▸ WHAT YOU WILL DO:
Once you find the line with "Kontrollera Vägglampa för" in the listing below, set down exactly every line from it through the line with "Volkswagen ID.7 2025", but no pictures.

▸ DATASET EXTRACT:
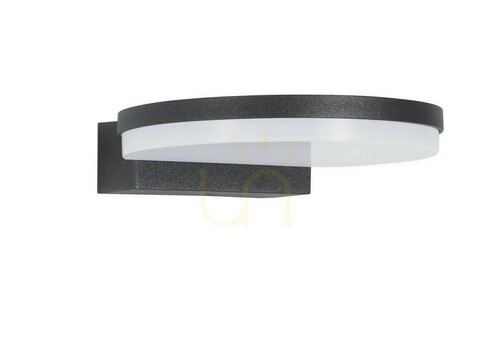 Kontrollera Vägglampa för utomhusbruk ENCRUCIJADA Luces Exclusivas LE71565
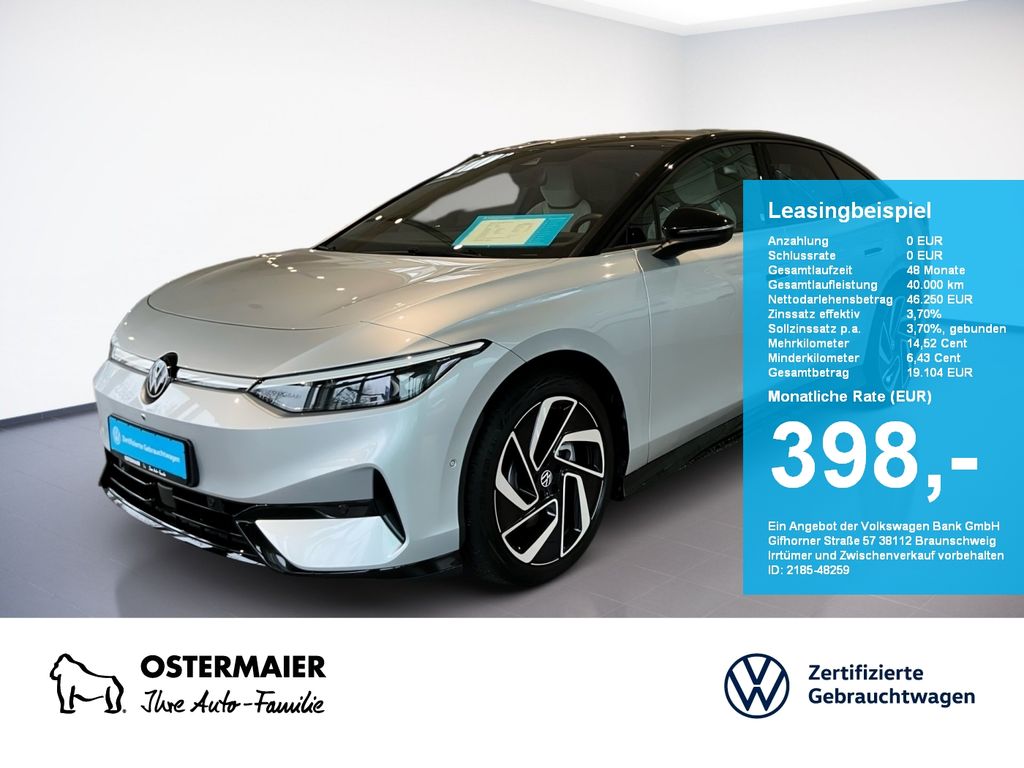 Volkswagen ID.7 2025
==
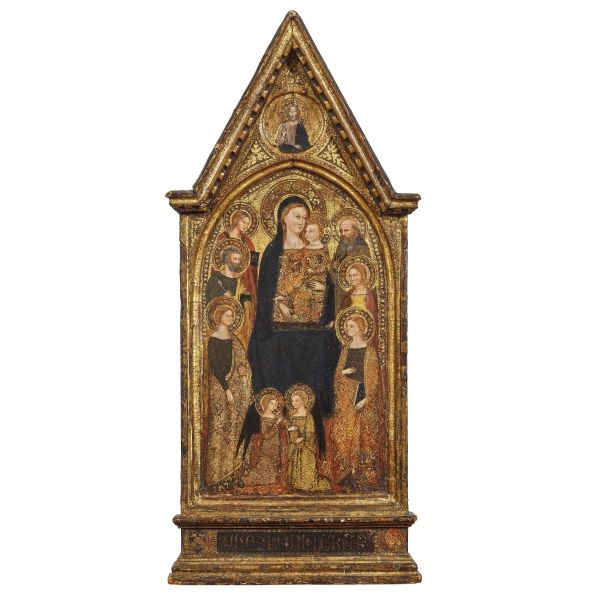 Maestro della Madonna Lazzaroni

▸ WRITTEN SOLUTION:
 Kontrollera Vägglampa för utomhusbruk ENCRUCIJADA Luces Exclusivas LE71565
 Volkswagen ID.7 2025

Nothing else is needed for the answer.